- [Data]

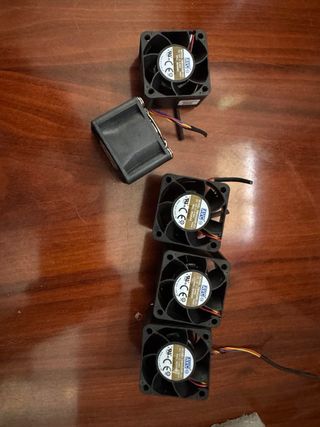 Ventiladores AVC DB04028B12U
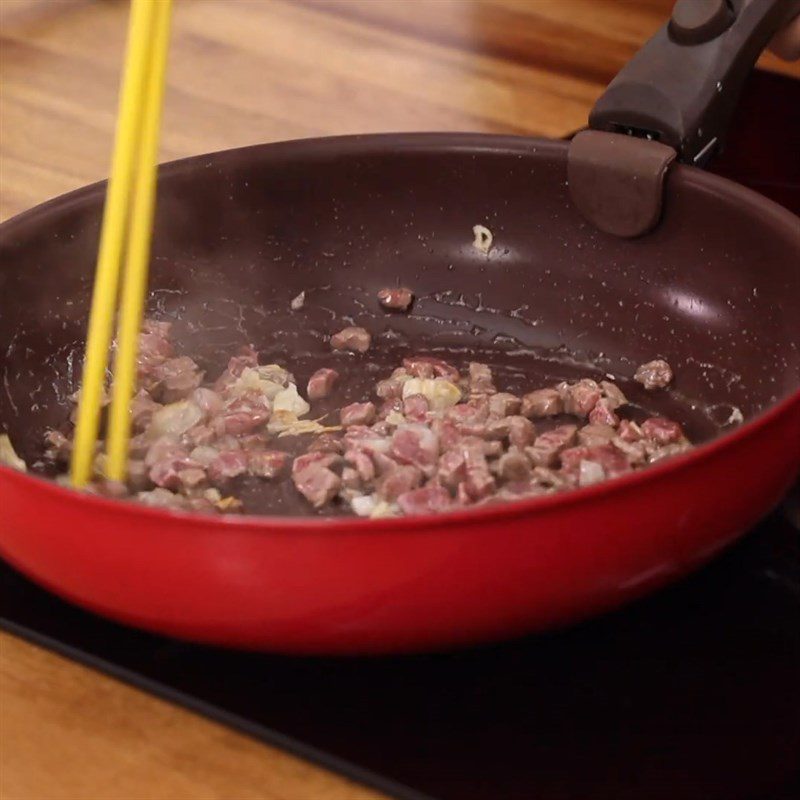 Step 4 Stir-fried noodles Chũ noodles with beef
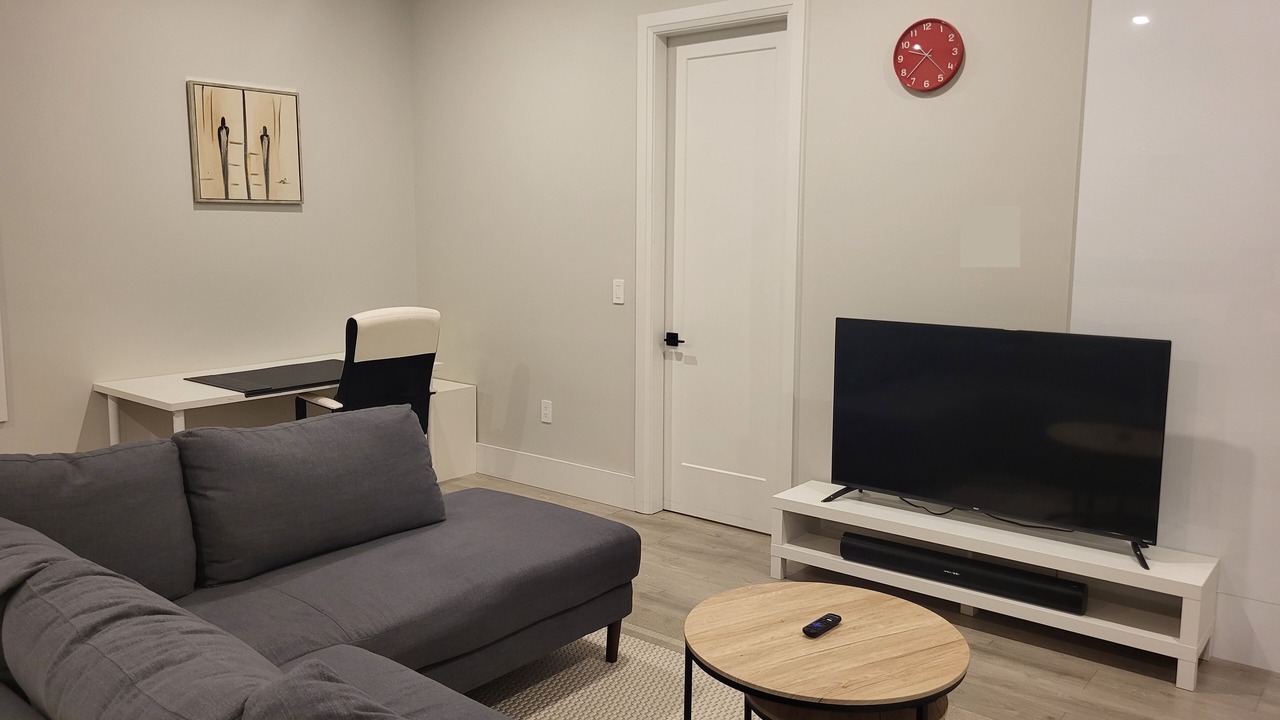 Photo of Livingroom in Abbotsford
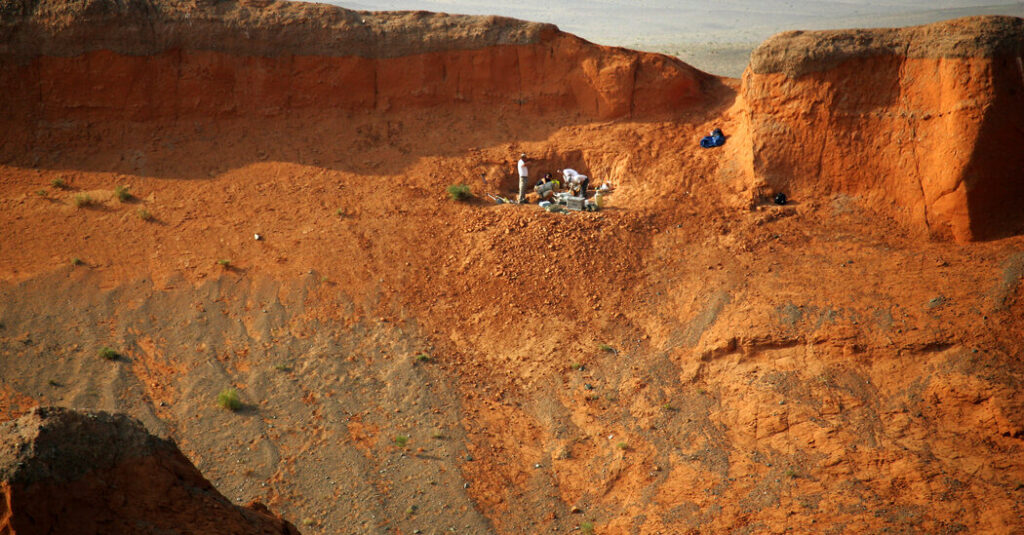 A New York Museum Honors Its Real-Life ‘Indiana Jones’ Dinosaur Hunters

- [Exercise] Give the preceding data back exactly, minus every picture.

- [Answer box]
 Ventiladores AVC DB04028B12U
 Step 4 Stir-fried noodles Chũ noodles with beef
 Photo of Livingroom in Abbotsford
 A New York Museum Honors Its Real-Life ‘Indiana Jones’ Dinosaur Hunters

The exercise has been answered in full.